[Provided data Boundary: Start]
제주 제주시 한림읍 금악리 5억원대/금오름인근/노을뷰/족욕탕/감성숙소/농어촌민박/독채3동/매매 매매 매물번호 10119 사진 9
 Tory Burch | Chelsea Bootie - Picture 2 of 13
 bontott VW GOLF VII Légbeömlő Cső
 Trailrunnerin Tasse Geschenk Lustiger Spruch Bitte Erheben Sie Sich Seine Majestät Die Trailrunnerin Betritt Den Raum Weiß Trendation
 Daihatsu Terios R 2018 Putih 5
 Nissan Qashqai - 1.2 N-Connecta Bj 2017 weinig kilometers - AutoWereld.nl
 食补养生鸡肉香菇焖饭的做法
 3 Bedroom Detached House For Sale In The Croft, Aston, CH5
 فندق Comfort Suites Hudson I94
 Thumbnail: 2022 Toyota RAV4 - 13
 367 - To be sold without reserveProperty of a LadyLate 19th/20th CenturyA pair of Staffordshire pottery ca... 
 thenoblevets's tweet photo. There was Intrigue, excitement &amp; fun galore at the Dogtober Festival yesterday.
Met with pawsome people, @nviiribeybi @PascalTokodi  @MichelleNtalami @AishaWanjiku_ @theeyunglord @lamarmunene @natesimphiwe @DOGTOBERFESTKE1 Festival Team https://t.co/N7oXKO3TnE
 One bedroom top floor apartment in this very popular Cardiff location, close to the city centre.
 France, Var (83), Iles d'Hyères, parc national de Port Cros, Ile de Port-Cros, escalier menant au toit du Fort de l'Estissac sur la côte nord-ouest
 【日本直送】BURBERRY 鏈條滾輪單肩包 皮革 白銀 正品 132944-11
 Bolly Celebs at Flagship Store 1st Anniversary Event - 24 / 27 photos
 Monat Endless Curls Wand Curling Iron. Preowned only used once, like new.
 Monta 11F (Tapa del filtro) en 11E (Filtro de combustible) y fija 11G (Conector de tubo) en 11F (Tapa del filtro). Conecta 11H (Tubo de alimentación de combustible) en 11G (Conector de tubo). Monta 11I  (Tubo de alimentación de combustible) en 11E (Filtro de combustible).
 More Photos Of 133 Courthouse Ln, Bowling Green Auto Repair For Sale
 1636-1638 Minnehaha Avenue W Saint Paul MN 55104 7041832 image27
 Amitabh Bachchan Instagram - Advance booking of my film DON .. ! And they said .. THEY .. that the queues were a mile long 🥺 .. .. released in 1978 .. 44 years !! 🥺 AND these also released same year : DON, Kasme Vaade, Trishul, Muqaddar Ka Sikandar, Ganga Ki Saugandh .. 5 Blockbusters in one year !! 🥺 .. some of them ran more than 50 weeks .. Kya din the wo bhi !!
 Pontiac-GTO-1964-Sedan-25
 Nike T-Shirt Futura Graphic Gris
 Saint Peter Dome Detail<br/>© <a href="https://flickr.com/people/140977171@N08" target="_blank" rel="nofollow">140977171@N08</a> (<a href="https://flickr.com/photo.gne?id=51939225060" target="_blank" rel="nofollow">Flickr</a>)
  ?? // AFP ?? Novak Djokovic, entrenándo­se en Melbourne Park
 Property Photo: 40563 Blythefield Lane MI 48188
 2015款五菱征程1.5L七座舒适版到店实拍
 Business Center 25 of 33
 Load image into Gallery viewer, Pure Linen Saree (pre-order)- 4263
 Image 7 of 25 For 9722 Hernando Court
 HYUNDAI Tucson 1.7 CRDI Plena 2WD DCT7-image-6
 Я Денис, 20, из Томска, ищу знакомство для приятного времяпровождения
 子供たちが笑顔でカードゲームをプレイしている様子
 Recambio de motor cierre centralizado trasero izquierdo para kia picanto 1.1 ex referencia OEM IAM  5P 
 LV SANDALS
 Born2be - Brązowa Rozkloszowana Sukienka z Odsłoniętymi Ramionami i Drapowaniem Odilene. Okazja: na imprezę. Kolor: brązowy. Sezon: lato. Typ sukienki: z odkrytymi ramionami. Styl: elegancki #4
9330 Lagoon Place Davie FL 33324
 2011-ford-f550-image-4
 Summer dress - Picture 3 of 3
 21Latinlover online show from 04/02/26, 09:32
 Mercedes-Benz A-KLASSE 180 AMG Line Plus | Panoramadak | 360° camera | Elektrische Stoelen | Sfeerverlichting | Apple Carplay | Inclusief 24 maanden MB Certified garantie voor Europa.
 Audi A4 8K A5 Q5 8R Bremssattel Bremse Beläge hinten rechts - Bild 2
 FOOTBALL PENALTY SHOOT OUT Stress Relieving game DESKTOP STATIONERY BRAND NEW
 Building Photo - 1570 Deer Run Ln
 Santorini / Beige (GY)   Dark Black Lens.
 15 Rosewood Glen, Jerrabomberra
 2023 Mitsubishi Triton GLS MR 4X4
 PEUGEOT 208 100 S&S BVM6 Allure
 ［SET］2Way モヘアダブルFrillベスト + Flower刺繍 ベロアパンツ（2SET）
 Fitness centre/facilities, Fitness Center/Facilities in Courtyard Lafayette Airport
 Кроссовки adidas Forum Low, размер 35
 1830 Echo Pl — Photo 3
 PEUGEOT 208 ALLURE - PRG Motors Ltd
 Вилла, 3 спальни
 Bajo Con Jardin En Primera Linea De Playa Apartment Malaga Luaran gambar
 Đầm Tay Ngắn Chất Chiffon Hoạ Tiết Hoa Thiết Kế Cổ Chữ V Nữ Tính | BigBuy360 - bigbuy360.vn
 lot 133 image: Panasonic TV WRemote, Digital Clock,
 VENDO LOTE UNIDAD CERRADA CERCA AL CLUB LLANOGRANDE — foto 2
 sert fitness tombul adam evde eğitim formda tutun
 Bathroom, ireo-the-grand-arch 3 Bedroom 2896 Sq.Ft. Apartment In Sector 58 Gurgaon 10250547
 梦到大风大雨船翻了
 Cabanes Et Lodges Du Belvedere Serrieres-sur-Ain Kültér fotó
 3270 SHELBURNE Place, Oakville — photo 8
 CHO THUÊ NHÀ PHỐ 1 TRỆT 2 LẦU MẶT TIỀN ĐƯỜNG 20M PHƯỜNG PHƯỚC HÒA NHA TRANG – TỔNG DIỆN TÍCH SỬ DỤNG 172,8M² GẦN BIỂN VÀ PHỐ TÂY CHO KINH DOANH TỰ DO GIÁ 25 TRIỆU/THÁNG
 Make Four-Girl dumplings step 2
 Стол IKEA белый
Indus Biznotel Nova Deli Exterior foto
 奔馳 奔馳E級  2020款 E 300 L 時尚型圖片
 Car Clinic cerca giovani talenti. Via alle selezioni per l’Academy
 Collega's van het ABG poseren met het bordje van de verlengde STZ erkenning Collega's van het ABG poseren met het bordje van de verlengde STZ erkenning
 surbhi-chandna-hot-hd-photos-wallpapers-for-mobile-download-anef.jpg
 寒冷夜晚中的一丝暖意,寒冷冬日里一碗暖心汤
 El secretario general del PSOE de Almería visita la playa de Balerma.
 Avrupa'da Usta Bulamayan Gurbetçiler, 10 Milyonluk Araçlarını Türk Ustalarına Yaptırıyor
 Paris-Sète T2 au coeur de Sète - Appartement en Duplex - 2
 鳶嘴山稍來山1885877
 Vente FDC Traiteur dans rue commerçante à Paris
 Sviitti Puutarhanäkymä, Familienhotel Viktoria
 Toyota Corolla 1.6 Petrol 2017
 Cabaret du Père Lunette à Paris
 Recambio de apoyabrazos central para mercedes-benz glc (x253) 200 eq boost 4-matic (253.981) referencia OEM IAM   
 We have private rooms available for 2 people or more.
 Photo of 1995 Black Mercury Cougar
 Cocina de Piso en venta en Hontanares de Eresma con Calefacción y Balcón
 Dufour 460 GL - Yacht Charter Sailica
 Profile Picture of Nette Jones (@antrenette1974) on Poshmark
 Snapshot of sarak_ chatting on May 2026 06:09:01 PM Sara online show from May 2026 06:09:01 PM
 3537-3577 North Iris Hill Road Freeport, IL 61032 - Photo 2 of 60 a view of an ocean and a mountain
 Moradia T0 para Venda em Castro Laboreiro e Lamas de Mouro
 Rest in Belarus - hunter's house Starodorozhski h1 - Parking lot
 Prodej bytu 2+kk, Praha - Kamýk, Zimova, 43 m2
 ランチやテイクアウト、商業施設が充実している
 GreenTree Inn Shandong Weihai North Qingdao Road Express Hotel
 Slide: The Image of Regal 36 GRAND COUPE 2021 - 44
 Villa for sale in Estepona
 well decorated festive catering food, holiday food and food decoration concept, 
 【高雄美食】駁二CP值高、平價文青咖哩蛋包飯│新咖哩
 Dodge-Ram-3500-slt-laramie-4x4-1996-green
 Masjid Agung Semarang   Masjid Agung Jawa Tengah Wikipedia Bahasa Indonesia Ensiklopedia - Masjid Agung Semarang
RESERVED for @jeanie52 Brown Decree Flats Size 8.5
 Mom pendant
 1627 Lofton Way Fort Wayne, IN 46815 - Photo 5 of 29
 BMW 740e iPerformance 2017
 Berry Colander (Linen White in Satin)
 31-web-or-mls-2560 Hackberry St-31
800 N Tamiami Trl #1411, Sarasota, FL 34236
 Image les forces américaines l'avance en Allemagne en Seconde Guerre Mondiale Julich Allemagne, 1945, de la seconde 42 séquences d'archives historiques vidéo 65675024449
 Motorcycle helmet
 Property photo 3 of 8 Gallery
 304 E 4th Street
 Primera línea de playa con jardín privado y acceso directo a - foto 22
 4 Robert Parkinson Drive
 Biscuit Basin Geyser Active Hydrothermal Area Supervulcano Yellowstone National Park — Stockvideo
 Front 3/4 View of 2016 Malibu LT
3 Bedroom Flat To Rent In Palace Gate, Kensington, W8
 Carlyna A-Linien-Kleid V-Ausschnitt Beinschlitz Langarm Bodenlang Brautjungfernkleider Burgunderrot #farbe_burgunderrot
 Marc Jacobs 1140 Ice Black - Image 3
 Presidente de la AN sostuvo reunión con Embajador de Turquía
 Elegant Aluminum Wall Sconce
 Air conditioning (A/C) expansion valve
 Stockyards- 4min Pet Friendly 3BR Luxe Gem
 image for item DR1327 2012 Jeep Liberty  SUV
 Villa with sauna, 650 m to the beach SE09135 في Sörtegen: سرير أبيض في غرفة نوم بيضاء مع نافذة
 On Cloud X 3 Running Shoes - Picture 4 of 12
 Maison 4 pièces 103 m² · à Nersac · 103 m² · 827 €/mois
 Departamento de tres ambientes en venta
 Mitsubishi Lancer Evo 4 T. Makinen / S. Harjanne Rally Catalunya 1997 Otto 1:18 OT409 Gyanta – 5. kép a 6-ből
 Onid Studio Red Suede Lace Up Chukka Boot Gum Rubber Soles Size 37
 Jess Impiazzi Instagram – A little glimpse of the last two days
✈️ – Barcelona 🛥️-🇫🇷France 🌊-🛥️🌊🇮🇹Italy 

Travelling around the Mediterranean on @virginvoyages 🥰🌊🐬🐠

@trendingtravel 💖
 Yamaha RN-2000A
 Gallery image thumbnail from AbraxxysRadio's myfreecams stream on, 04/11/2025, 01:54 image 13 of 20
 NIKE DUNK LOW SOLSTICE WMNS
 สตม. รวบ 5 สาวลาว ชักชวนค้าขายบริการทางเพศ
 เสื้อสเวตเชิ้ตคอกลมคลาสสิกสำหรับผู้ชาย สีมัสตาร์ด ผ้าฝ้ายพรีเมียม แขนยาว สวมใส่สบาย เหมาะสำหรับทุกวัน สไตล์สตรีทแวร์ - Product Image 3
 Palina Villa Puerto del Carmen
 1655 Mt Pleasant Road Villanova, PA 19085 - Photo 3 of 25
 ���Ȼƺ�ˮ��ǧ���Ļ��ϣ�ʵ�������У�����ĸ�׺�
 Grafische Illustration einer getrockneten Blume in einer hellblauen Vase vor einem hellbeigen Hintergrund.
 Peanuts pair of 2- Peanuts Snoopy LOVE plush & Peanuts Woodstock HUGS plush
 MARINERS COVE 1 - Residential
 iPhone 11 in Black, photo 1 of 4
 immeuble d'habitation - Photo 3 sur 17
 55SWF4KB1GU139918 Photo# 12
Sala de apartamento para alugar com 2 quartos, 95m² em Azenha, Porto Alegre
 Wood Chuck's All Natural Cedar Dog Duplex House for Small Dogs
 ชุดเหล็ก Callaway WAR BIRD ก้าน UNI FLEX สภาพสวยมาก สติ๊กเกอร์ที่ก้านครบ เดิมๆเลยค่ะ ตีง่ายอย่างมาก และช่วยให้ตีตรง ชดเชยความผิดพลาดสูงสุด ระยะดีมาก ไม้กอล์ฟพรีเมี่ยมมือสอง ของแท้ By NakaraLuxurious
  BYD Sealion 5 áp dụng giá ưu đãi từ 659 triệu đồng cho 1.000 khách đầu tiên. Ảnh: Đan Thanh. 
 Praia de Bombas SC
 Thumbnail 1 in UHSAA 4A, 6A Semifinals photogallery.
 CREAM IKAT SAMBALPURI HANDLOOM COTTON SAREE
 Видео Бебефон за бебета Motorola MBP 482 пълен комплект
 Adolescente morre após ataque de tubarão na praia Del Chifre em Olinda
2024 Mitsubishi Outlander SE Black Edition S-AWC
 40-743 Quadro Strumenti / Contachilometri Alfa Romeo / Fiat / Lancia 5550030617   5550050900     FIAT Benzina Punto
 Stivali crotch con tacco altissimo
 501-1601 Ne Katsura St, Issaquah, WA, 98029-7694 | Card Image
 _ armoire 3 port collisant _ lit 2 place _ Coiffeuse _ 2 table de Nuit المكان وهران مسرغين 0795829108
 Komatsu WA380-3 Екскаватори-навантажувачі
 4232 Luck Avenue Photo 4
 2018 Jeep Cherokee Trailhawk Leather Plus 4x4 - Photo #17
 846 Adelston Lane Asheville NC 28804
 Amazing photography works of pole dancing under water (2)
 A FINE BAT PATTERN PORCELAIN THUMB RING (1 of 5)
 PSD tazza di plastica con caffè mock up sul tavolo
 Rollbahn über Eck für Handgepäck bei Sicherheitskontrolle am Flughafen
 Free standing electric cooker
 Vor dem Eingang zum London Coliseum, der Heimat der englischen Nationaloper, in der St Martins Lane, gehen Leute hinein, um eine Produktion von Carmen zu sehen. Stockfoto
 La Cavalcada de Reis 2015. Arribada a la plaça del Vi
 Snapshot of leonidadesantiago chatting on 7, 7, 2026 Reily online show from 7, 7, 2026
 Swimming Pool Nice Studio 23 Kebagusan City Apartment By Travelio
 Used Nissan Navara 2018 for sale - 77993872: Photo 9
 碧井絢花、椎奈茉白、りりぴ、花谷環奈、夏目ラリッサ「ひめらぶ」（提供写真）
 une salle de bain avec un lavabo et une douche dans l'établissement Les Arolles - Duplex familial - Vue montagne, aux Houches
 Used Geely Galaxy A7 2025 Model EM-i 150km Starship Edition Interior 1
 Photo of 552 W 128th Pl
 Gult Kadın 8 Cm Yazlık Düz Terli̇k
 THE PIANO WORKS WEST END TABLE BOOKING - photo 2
[Provided data Boundary: End]
-- The task --
In your answer, include only the lines above starting at the line that holds "Palina Villa Puerto del Carmen" and ending at the line that holds "immeuble d'habitation - Photo 3 sur 17", copied exactly.

-- Response to this task --
 Palina Villa Puerto del Carmen
 1655 Mt Pleasant Road Villanova, PA 19085 - Photo 3 of 25
 ���Ȼƺ�ˮ��ǧ���Ļ��ϣ�ʵ�������У�����ĸ�׺�
 Grafische Illustration einer getrockneten Blume in einer hellblauen Vase vor einem hellbeigen Hintergrund.
 Peanuts pair of 2- Peanuts Snoopy LOVE plush & Peanuts Woodstock HUGS plush
 MARINERS COVE 1 - Residential
 iPhone 11 in Black, photo 1 of 4
 immeuble d'habitation - Photo 3 sur 17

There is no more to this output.